Technically you could plant as soon as the spray was dry. Round up, Glycosphate, does not have any soil activity. If you want it to kill off the weeds you sprayed, I would wait a couple days before mowing or discing to insure the plants uptake enough herbicide to do them in. 

The best thing to do is to bush hog the weeds. Disk or prepare to plot, and then wait a couple weeks for the weeds to respout, or new seed to germinate. Then come in while the plants are young and hit them with some type of Glycosphate, ie Round Up. Disking always brings new weed seed to to the top and creates optimum conditions for germination. Its always best to wait and let the weed seed germinate, treat with herbicide, then plant. That way you eliminate a great deal of the weeds that would pressure the young plants, and allow your plot to get some size on it before the more weeds germinate. 

Another cool trick to kill big weeds in your plot is to build a wick. Get some PVC pipe, 2" or larger, and drill a row of very tiny holes in it. Done go crazy with the holes. and use a very small drill bit. Wrap tightly with canvase and glue. It has to be real tight. Zip ties can help hold things at this point until the glue dries. Then put a cap on one end and a screw cap on the other. I always like to put a water spicket on as well. This makes for easy draining, and allows you some control of how much herbicde flow you get by controlling the opening. 
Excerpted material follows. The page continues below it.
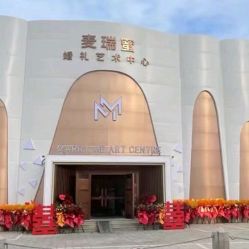 -京福禧宴大宅门·宴会厅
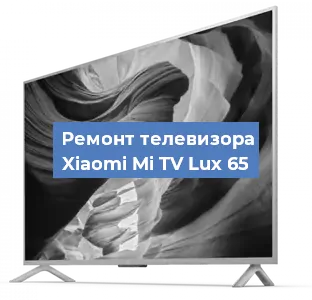 Замена шлейфа на телевизоре Xiaomi Mi TV Lux 65 в Москве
By the way, if your not familiar with Round Up, it takes a week or more for the plants to show signs of dying. It can take up to 2 weeks or longer if it is cool, dry, or any other stress factors are involved. 
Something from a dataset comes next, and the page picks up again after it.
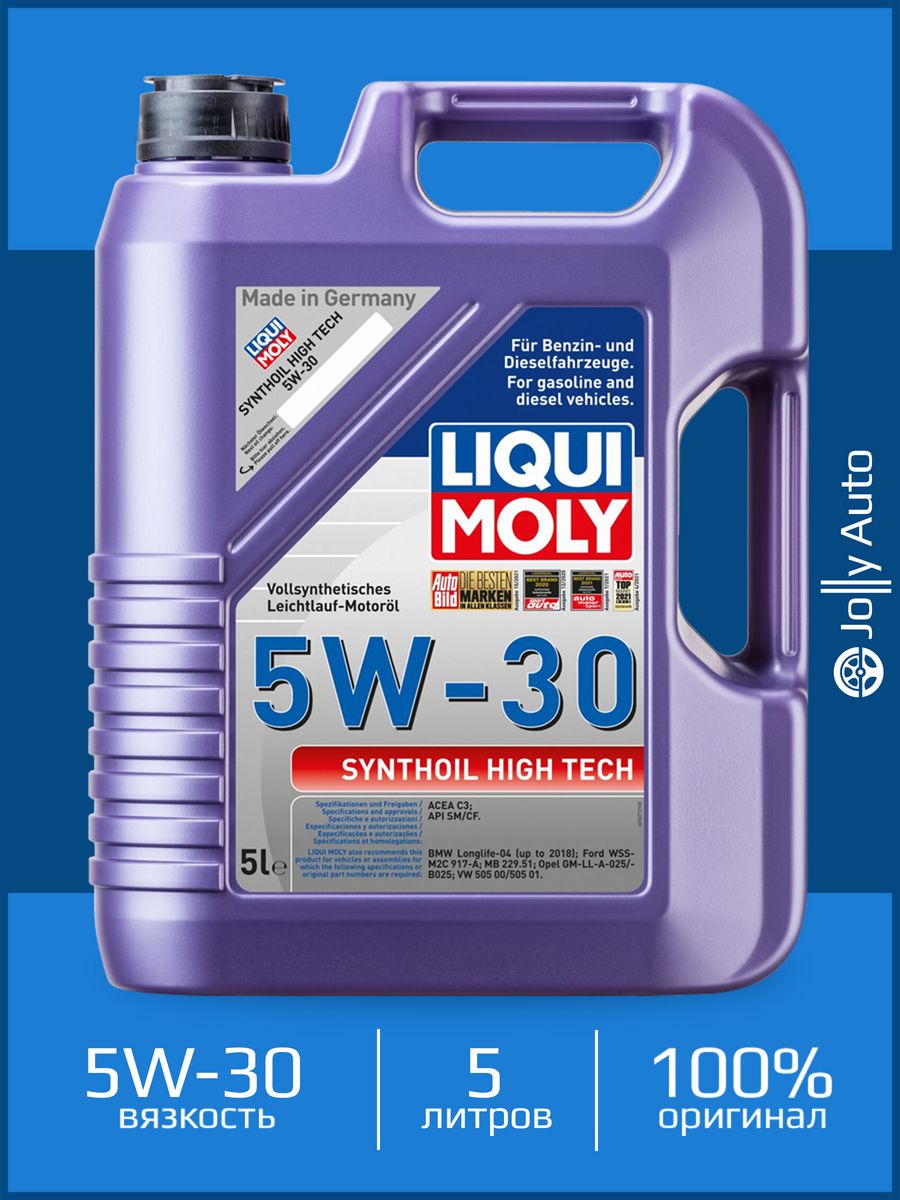 Synthoil high tech 5w 40 5л. Synthoil High Tech 5w-30 4л. Liqui Moly масло.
Next have some sort of bracket on the tractor or 4 wheeler, adjustable height is a good option to have, and attach the wick. Fill the PVC with a 50% mix of Round Up and Water. Let it soak good into the canvas. If it is dripping badly, tighten up the spicket so no air is allowed in. Then dirve slowly though the field allowing the wick to ride over the crop but brush the weeds. This is very effective for taking out big weeds like Johnson Grass, and weeds that are mature. It works very well on things that are taller than your crop. Just be careful, anything that wick touches in done for. 
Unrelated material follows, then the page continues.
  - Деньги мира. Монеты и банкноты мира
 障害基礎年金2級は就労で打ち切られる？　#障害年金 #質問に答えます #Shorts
When your done, put the remaing herbicide back in a bottle, label wick mix, and reuse when necessary. This method uses very little herbicide, and a jug will last a while.

By the way, it takes Glycosphate about a week or more to show on the area you sprayed, It can take longer than 2 weeks if growing conditions are not favorable. The smaller the weeds, and better the growing condition the better and faster it works.


----------



## HOYTLVR (Feb 16, 2007)

Thanks for the help. Three weeks ago I mowed down all the dead grass that was there and sprayed the area with roundup. I came back again yesterday and sprayed it for the second time. There wasn't a lot of green that was growing but I wanted to make sure I at least start off the planting with nothing there to fight against the clover and oat mix. I am going bird hunting this coming thursday and am going to plant the seed after that.

Thanks for all the input


----------



## DB444 (Feb 20, 2009)

*At the same time?*

I lived on a 1300 acre farm in Virginia and it was common practice for them to be spraying and planting on the same day for what that is worth.


----------



## ahawk19 (Aug 16, 2007)

*depends*

If you are no tilling you could do it the same day or just a day or two after...if you are disking and broadcasting or some other method I would give it a week or so.


----------



## billyblob (Dec 28, 2008)

i have sprayer on the front of my tractor and seed drill on the rear plant and spray at the same time


----------



## Skidoo2020 (Jul 22, 2021)

DB444 said:


> *At the same time?*
> 
> I lived on a 1300 acre farm in Virginia and it was common practice for them to be spraying and planting on the same day for what that is worth.


I agree don’t give a chance for the weeds to restart


----------



## LetThemGrow (Apr 2, 2004)

Wow a 12 year old thread…


----------